Um dos funcionários mais citados no relatório da correição da Advocacia Geral é o ex-procurador chefe do DNER no Paraná José Antunes Moreira. Atualmente, Moreira é procurador do Instituto Nacional de Seguridade Social (INSS) no Estado. Em entrevista à Folha, Moreira afirmou desconhecer o documento e as citações. ""Não sei por que estou sendo citado, mas prestarei todas as informações que tiver para qualquer sindicância."" Segundo José Moreira, todos os acordos eram feitos pela Procuradoria Geral do DNER, com sede em Brasília.
""O que eu fazia era repassar os processos para Brasília, o que é meu dever de ofício."" José Moreira diz que pediu para ser transferido para o INSS antes do início da correição. ""Minha saída do DNER não tem nenhuma ligação com essas investigações, foi voluntária"", complementou.

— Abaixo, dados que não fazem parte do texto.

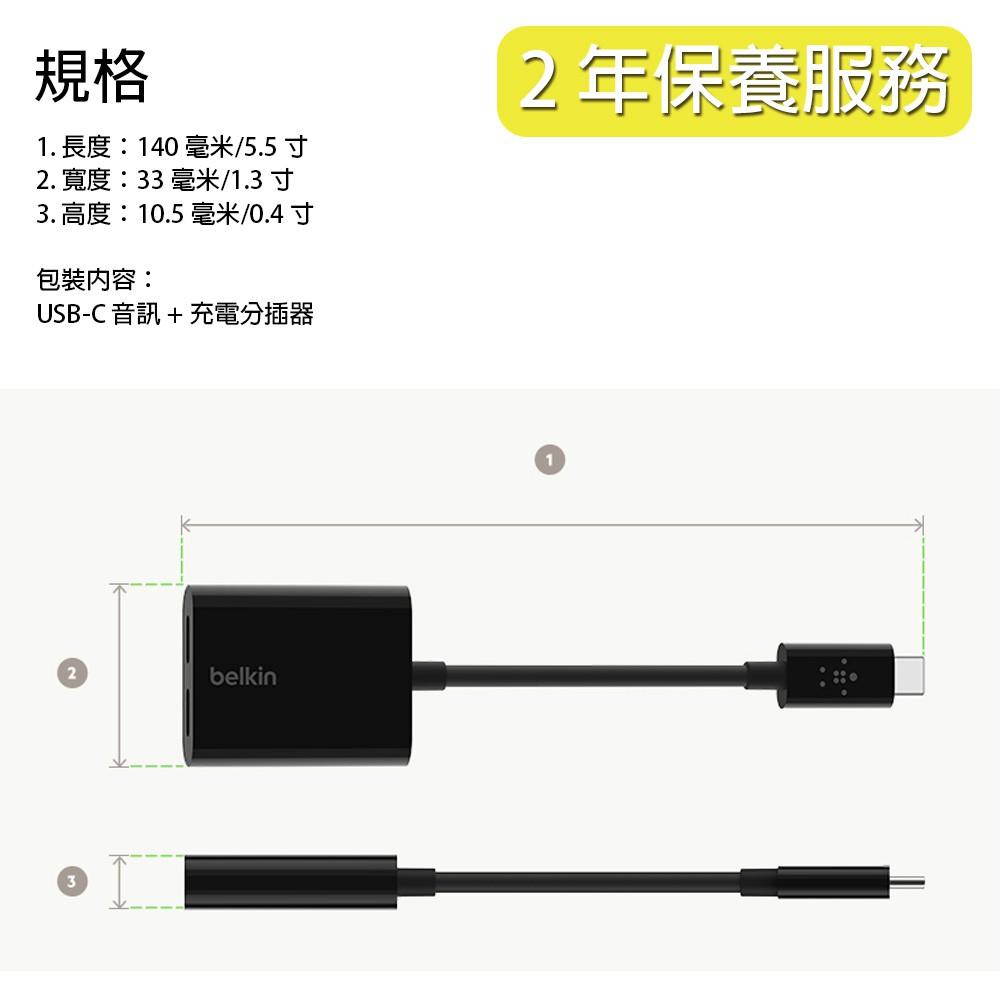 【Belkin】貝爾金 雙Type-C 音訊 + 充電分插器 F7U081btBLK-細節圖8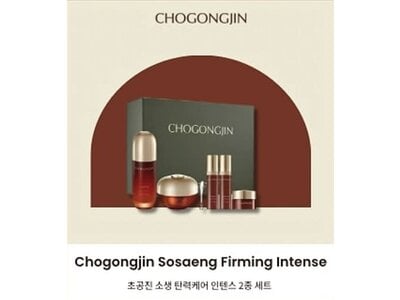 MISSHA Chogongjin Sosaeng Firming Care Intense Special Set (2)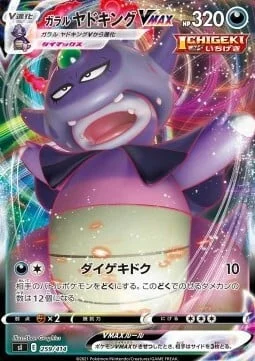 Galarian Slowking VMAX — Start Deck 100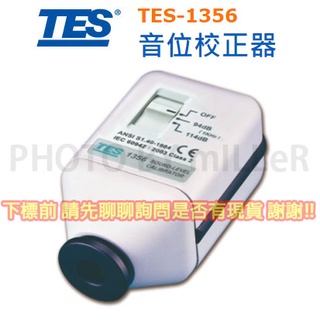 【含稅-可統編】泰仕 TES-1356 音位校正器 校正麥克風噪音計 噪音計校正器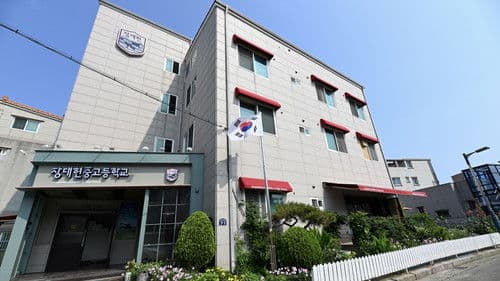 School for Defectors Bild 6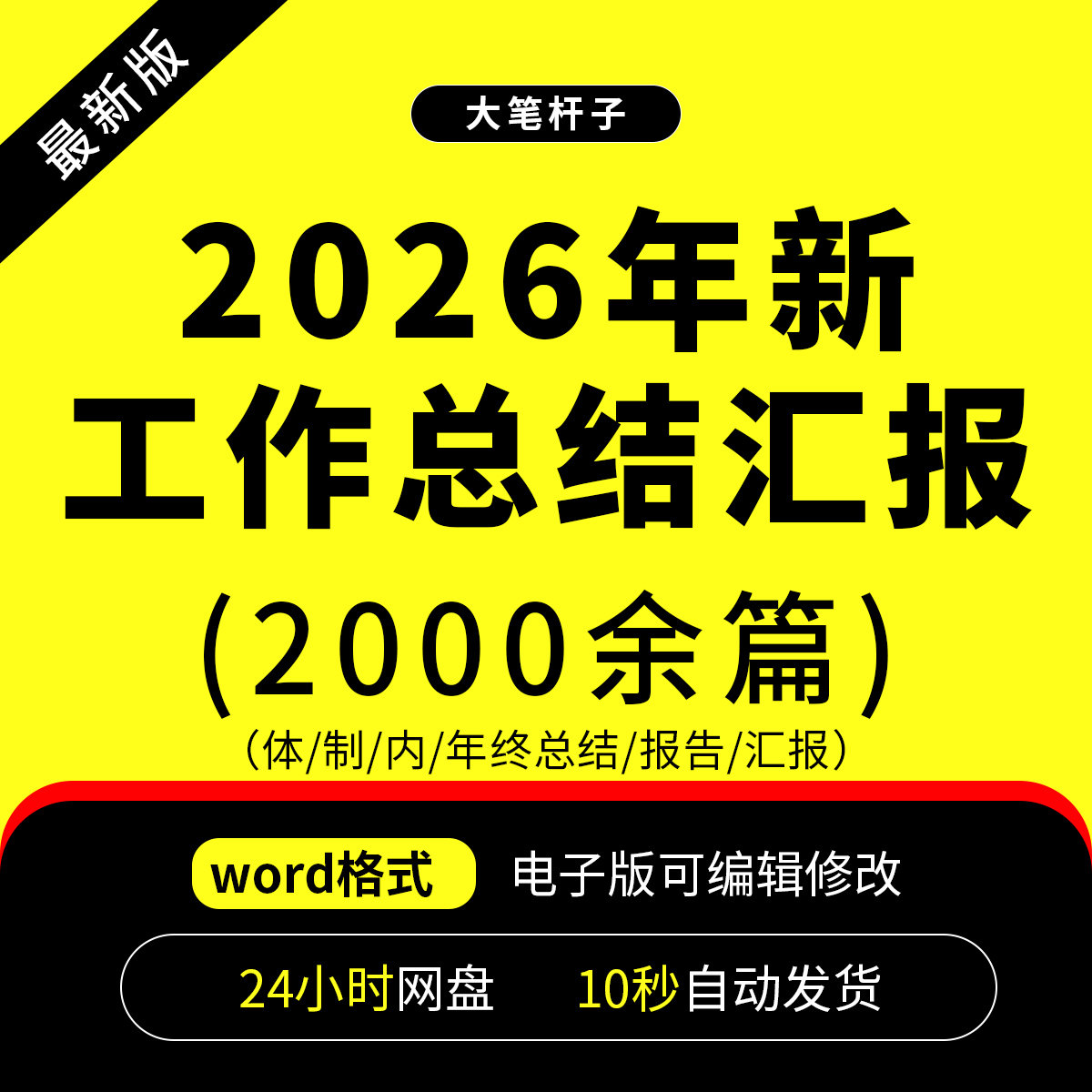 新2026办公室主任报告工作总结word电子版汇报材料模板
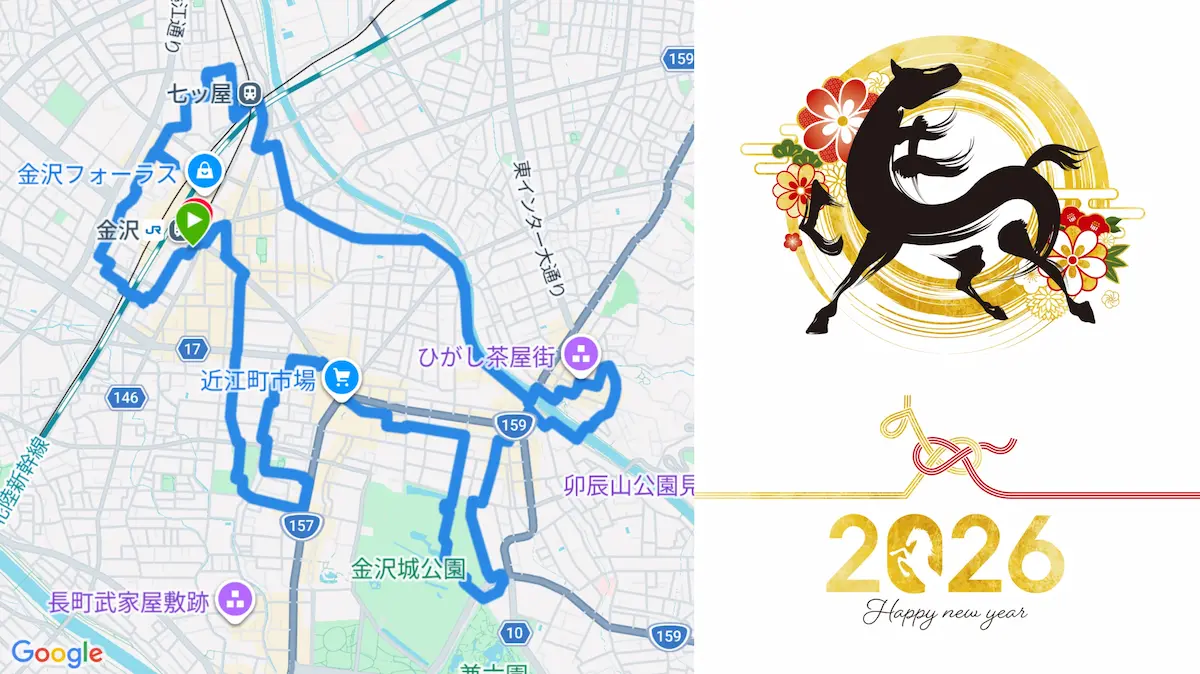 金沢市 | ほくりくGPSアート部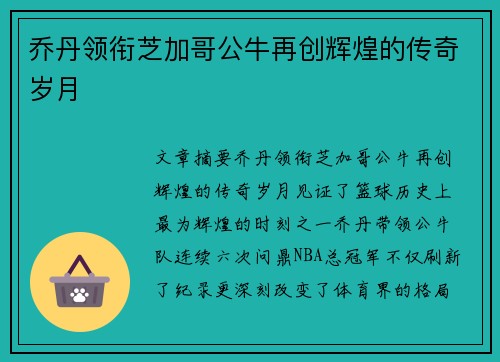 乔丹领衔芝加哥公牛再创辉煌的传奇岁月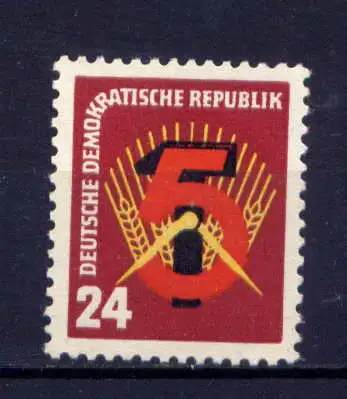 (31637) DDR Nr.293                 **  postfrisch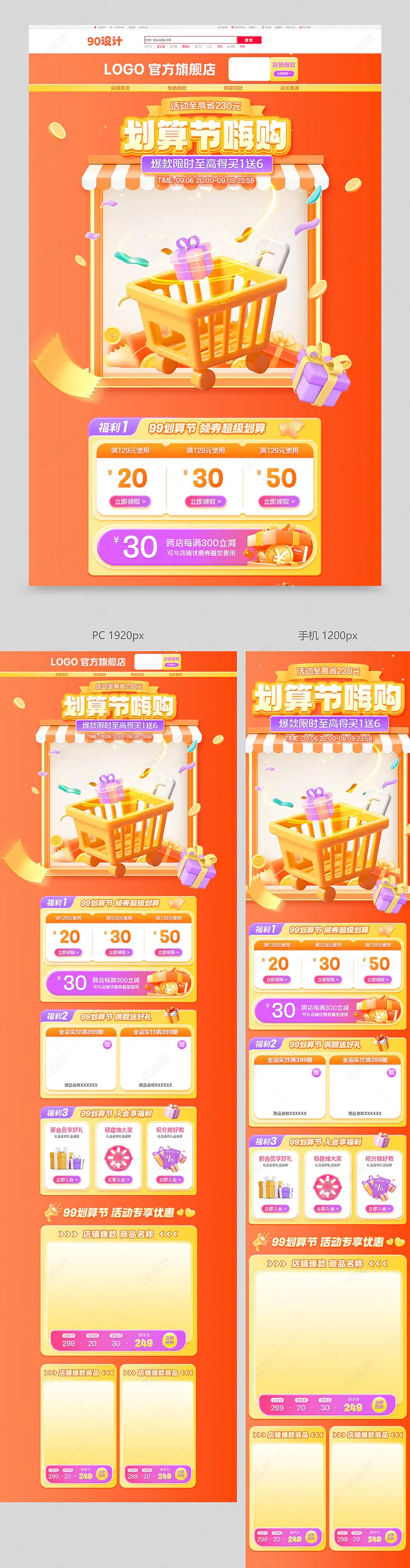 天猫99划算节聚划算C4D立体食品茶饮橙色氛围感活动首页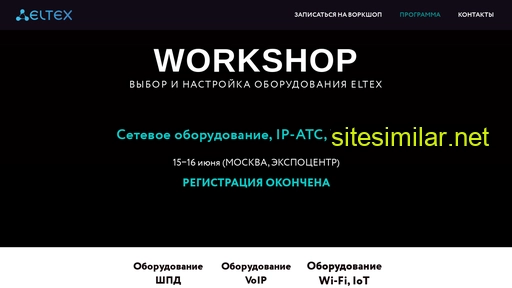 eltex-seminar.ru alternative sites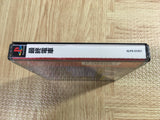 Saishuu Densha SONY PS1 Japan - FJ6228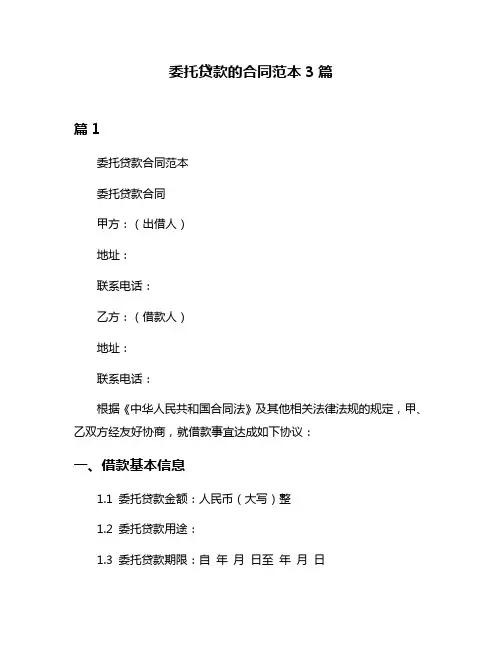 委托贷款的合同范本3篇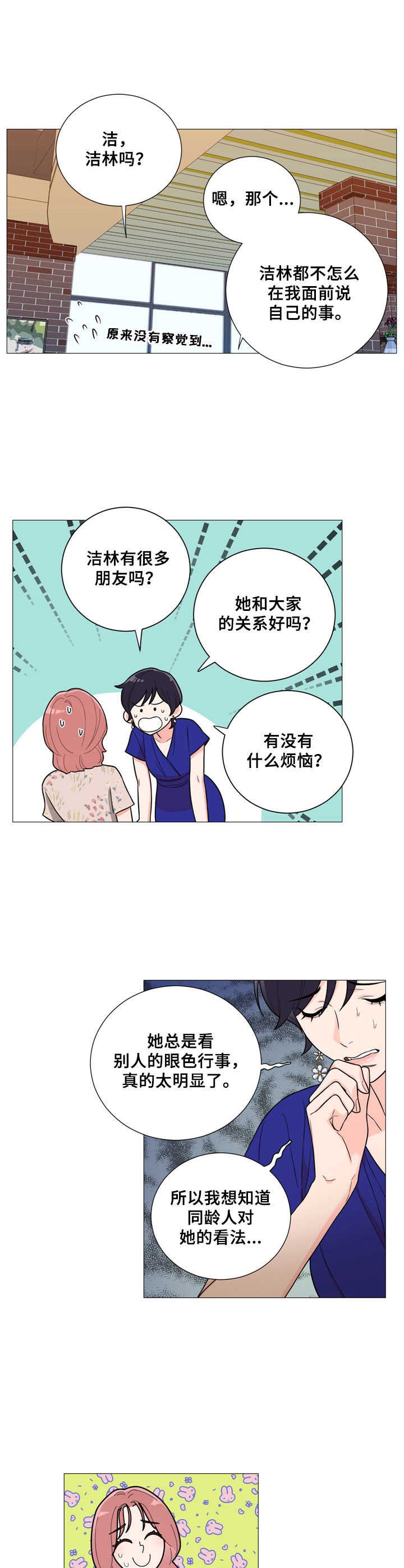 第26章：唠叨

Os acordos administrativos para pagamento por desapropriações são previstos em lei, desde que gerem economia para o DNER. A legislação determina que os acordos só podem ser aceitos feitos quando os donos dos terrenos aceitarem descontos que variem entre 10% e 15%. O que aconteceu no Paraná nos últimos anos foi um crescimento do número de ações extintas em função desses acordos administrativos. Em vários, o DNER chegou a pagar valores maiores que os discutidos em juízo.
É o caso, por exemplo da desapropriação de uma parte da Fazenda Itaqui, no município de Piraquara, região metropolitana, para a construção do Contorno Leste, consta no relatório. A área desapropriada é de 135.438 metros quadrados e tinha dois proprietários. Um deles não aceitou fazer acordo com o DNER e continua discutindo os valores na Justiça. O outro resolveu fazer acordo administrativo.
A perícia técnica constatou que o valor devido a este proprietário era de R$ 164.188,00. O acordo previa um desconto de 5%. Com isso, o pagamento deveria ser de 150.978,78. Ao invés disso, o DNER pagou R$ 250.978,78 ao proprietário, depois de uma atualização dos valores apresentada pelo próprio dono da área. No relatório da Advocacia Geral é destacado ainda que ""os órgãos jurídicos do DNER não emitiram pronunciamentos técnico-jurídicos, que dessem embasamento legal ao ajuste, mas simplesmente se puseram de acordo com a proposta, por simples despacho.""
Em setembro de 1998, o então procurador chefe José Antunes Moreira informou à Justiça que o DNER havia pago a dívida administrativamente e por isso solicitava que fosse extinta a execução do processo.
Em outra ação os procuradores da Advocacia Geral encontraram diferenças ainda maiores entre valores devidos por precatórios e pagos em acordo administrativo. Nesse caso, o DNER do Paraná pagou administrativamente a uma madeireira do Oeste do Estado o valor de R$ 6.340.607,44 pela desapropriação de áreas das fazendas São Domingos e Andrana, em Guaraniaçu.
Pelos cálculos dos advogados da madeireira, as áreas valeriam R$ 8.592.723,22. A Procuradoria Regional do DNER informou que os proprietários aceitariam fazer acordo administrativo com desconto de R$ 1.152.116,28, e que isso geraria uma dívida final de R$ 6.340.607,44. O curioso é que a subtração do desconto em relação ao valor total resulta em R$ 7.440.606,94. Os procuradores da Advocacia Geral destacam que ""aqui, a matemática foge à lógica e surge um enigma contábil, o importante é que nem a autora nem o DNER juntaram memória de cálculo demonstrando como chegaram a tais valores"", diz.
O surpreendente é que um parecer da Assessoria Técnica da Procuradoria da União do Paraná, de dezembro do ano passado, constatou que o débito do DNER corrigido até aquela data chegaria a R$ 2.424.576,28, muito abaixo dos R$ 6.340.607,44 pagos pelo órgão.
Existem dezenas de outros processos que estão sob investigação da Advocacia Geral da União. A comissão da Advocacia Geral que investiga responsáveis por possíveis desvios ainda está ouvindo os suspeitos. Esse trabalho faz parte das investigações nacionais que a Advocacia Geral vem fazendo no DNER e que já resultaram no afastamento de dois procuradores-gerais e de diretores do Departamento em Brasília.